For a function f to be an even function, it must satisfy the property: f(x) = f(-x) The power series representation of f(x) is given by: f(x) = \(\sum_{k=0}^{\infty} n_{k} x^{k}\) Now we need to find the power series representation of f(-x): f(-x) = \(\sum_{k=0}^{\infty} n_{k} (-x)^{k}\) Since f(x) is an even function, the two power series representations should be equal: \(\sum_{k=0}^{\infty} n_{k} x^{k}\) = \(\sum_{k=0}^{\infty} n_{k} (-x)^{k}\) Now, we need to analyze the coefficients of each term in the series to prove that \(a_{2 k+1}=0\) for all k. We can rewrite the power series representation of f(-x) as: \(\sum_{k=0}^{\infty} (-1)^{k}n_{k} x^{k}\) For a term in the series to be of odd degree (2k+1), k must be even.

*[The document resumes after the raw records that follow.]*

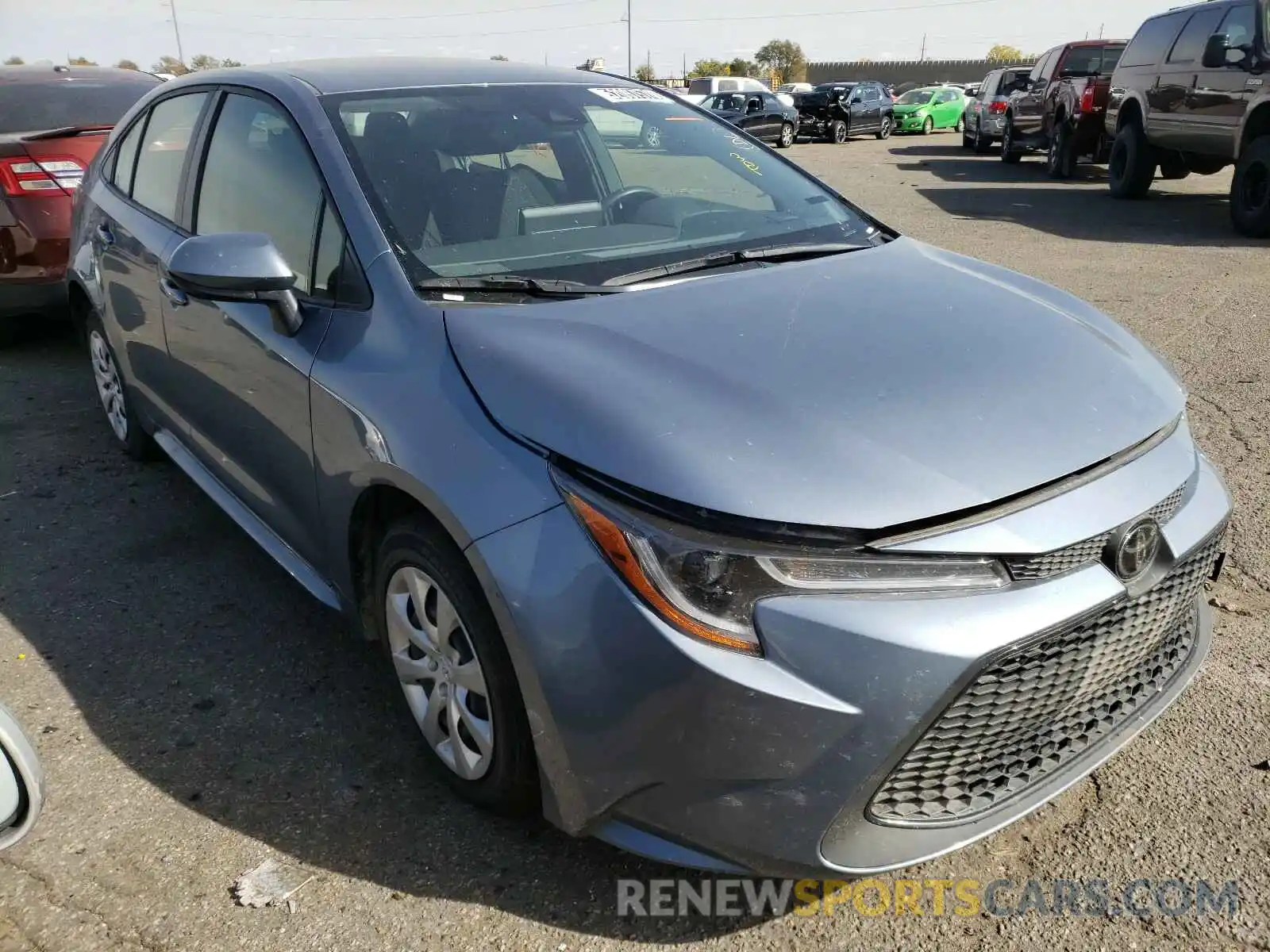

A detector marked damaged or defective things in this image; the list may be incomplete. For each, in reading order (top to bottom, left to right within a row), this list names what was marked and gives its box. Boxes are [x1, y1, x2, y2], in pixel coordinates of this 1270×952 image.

cracked hood [444, 238, 1181, 533]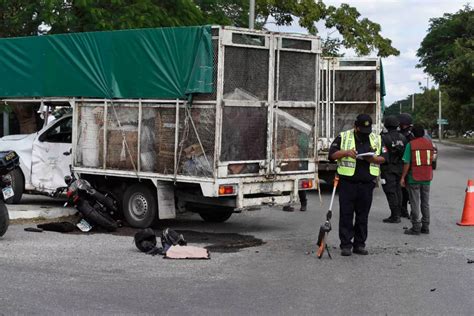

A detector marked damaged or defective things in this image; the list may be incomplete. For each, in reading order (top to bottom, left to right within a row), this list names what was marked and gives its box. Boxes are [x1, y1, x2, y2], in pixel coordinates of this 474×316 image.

damaged truck [0, 25, 322, 227]
crumpled motorcycle [0, 151, 20, 237]
crumpled motorcycle [64, 168, 118, 232]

Therefore, the coefficients for odd degree terms will be: \((-1)^{2k}n_{2k+1}\) = \(n_{2k+1}\) Since we want to prove that \(a_{2 k+1}=0\) for all k, we focus on the odd degree terms in the equality: \(n_{2k+1}\) = \(-n_{2k+1}\) This equality is true only when \(n_{2 k+1}=0\) for all k.

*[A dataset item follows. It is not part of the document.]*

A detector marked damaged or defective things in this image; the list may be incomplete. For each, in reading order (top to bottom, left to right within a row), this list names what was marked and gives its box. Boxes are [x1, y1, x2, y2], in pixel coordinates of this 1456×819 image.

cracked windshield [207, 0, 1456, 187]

For a function f to be an odd function, it must satisfy the property: f(-x) = -f(x) The power series representation of f(x) is given by: f(x) = \(\sum_{k=0}^{\infty} n_{k} x^{k}\) Now we need to find the power series representation of f(-x): f(-x) = \(\sum_{k=0}^{\infty} n_{k} (-x)^{k}\) Since f(x) is an odd function, the power series representation of f(-x) should be -f(x): \(-\sum_{k=0}^{\infty} n_{k} x^{k}\) = \(\sum_{k=0}^{\infty} n_{k} (-x)^{k}\) Now, we need to analyze the coefficients of each term in the series to prove that \(a_{2 k}=0\) for all k. We can rewrite the power series representation of f(-x) as: \(\sum_{k=0}^{\infty} (-1)^{k}n_{k} x^{k}\) For a term in the series to be of even degree (2k), k must be even. Therefore, the coefficients for even degree terms will be: \((-1)^{2k}n_{2k}\) = \(n_{2k}\) Since we want to prove that \(a_{2 k}=0\) for all k, we focus on the even degree terms in the equality: \(-n_{2k}\) = \(n_{2k}\) This equality is true only when \(a_{2 k}=0\) for all k.